Même si le concept projecteur est réellement né d'une séance de brainstorming collectif et d'abord énoncé par Jens, lors du vote pour savoir quel projet nous développerions, ce projet a été "sauvé" de justesse car j'y ai mis toutes mes gomettes. C'est donc mon envie de lui donné vie qui nous a permis de le développer, car, probablement et même si Jens avait la plupart des compétences pour le développer, il a semblé à ce moment trop loin des habitudes et des compétences des membres de notre équipe. Parce que je n'étais pas aussi impliqué qu'eux dans AUDI 25, parce que je venais de l'extérieur avec mon expérience de conception de service, ce projet ne me semblait pas aussi impossible à prototyper qu'à eux.



"Donner de la valeur à vos data ? Qu'est-ce qui est réellement en jeu ?"

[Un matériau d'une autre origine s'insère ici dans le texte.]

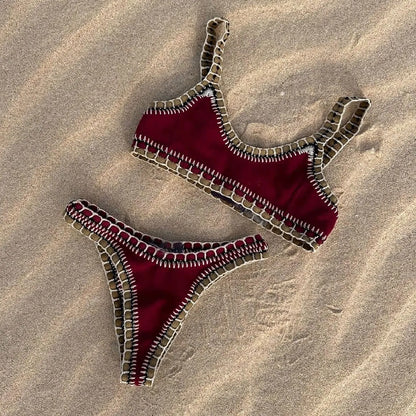 Effortlessly Elegant Bikini with a Timeless Design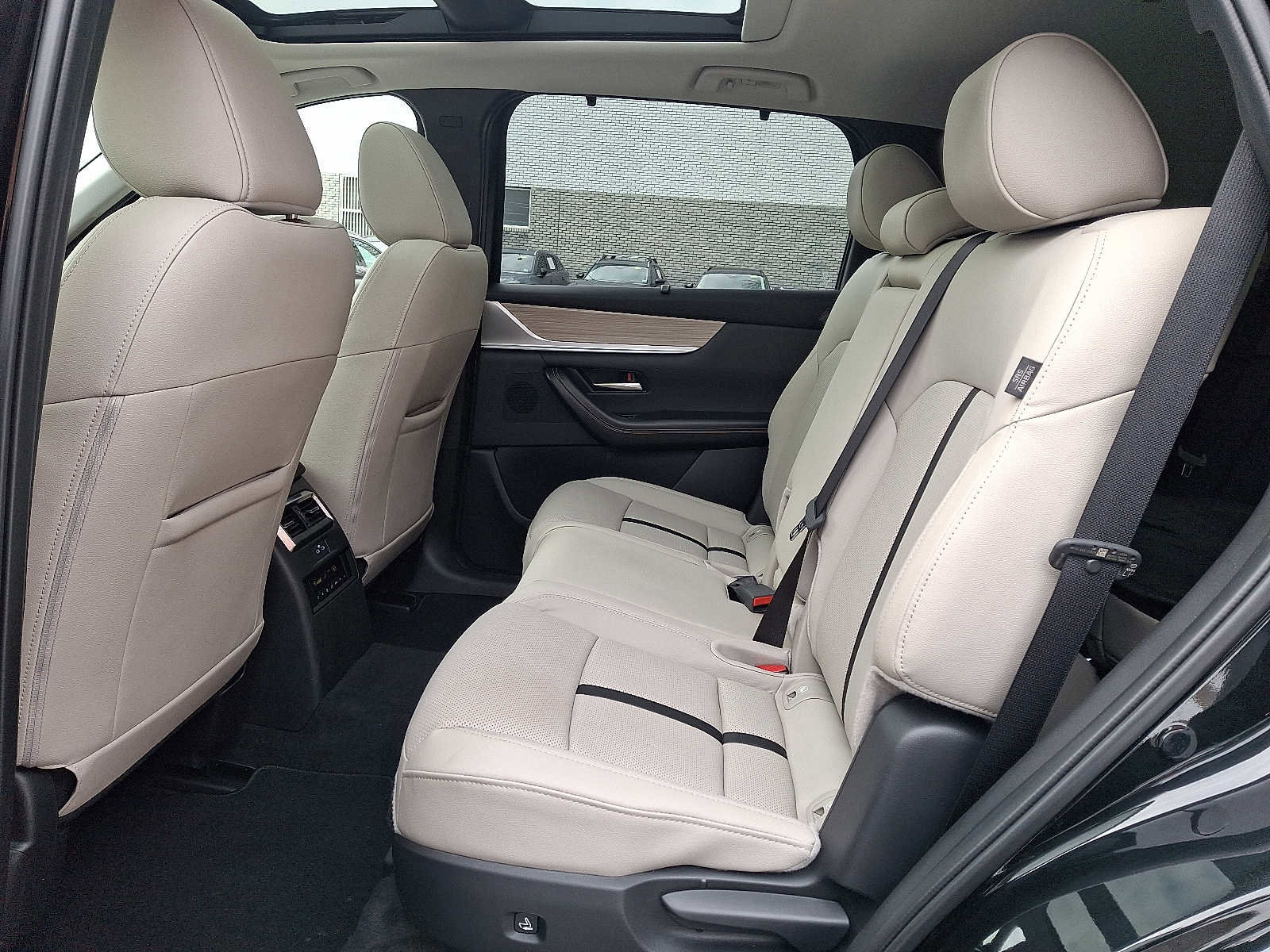 Certified 2025 MAZDA CX-90 3.3 Turbo w/ Premium Sport Pkg image 10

Une compréhension des besoins de ses clients, quels qu'ils soient. Une capacité à identifier qu'ils peuvent nous aider à imaginer des usages totalement différents de ceux dont on est si fier. Le paradoxe est que notre solution n'est pas une solution d'IA mais de datavisualisation et de design d'expérience.


Une capacité également à les intégrer directement, dans un Creathon, auprès d'une équipe transdisciplinaire, formé à sortir de son cadre.

Oui, ce Créathon était, à bien des égards formateur et enthousiasmant.